The U.S. Export-Import Bank expects India to become its biggest recipient of funding next year, led by loans for clean-energy projects including $575 million of solar deals.

The Export-Import Bank’s lending plans won’t be affected by concern that the renewable energy industry may be vulnerable to a new global recession, said Craig S. O’Connor, director of the bank’s office of renewable energy.

“This sector isn’t risky,” O’Connor said in an interview at a conference in New Delhi. “It’ll continue to grow.”

The funding could ease a hurdle facing India as its aims to build 20,000 megawatts of solar capacity by 2022 and join Germany in trying to develop cleaner, safer sources of power after Japan’s nuclear disaster. About $3.2 billion of Indian projects have found it difficult to get loans from commercial banks, and more funding could help such U.S. panel producers as First Solar Inc. (FSLR) and SunPower Corp. (SPWRA) that face China competition.

“India could become Ex-Im Bank’s largest market next year,” with a bulk of the deals in the renewable-energy industry, O’Connor said.

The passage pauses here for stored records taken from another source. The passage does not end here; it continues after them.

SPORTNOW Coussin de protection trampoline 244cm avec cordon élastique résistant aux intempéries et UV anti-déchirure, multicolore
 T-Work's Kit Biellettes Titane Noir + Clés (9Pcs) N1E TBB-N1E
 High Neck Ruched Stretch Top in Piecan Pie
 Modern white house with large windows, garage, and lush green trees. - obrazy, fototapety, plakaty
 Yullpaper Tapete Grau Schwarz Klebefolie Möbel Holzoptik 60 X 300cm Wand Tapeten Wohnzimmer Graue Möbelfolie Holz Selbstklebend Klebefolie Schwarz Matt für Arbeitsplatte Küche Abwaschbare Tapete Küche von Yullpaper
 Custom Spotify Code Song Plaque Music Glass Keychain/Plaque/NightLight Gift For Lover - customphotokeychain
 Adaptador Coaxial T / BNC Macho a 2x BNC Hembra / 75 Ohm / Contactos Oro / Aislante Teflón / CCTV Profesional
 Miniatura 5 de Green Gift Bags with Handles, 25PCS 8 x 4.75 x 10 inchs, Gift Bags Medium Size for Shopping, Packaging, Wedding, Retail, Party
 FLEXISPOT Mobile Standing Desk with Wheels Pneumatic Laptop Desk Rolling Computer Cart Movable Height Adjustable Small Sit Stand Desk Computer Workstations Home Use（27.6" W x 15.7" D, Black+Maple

The Export-Import Bank is authorized by Congress to lend as much as $100 billion to help finance projects that buy U.S. goods and services. It has approved $1.4 billion in new deals for India in this financial year, raising its overall lending to the country to $5.5 billion.

That includes $75 million in funding already approved for Indian solar projects, while another $500 million of deals are in the pipeline, O’Connor said.

Under pressure

The bank has come under pressure to support cleaner projects after approving in the last fiscal year coal-fired power plants and other ventures that will emit more than 20 million metric tons of carbon pollution annually, the most since the lender started releasing data in 2001. It agreed to $900 million in loan guarantees for an Indian coal plant only after the builder, Reliance Power Ltd. (RPWR), pledged to pursue solar projects after groups such as the Sierra Club opposed the deal.

The bank can offer solar project loans with interest rates that are “in the single digits even after hedging,” O’Connor said. In comparison, India’s electricity regulator estimates the local cost of funding for the industry at 13.3 percent.

O’Connor disputed perceptions that renewable energy investments are more at risk from a global decline because governments could reduce subsidies. Renewable power plants tend to have long-term power purchase contracts that guarantee tariffs for about 15 years, which make them reliable investments, he said.

Concerns that governments could roll back subsidies have driven clean-energy stocks to a 2 1/2-year low. The Wilderhill New Energy Global Innovation Index lost 14 percent this month while the Dow Jones Industrial Average is down 8 percent.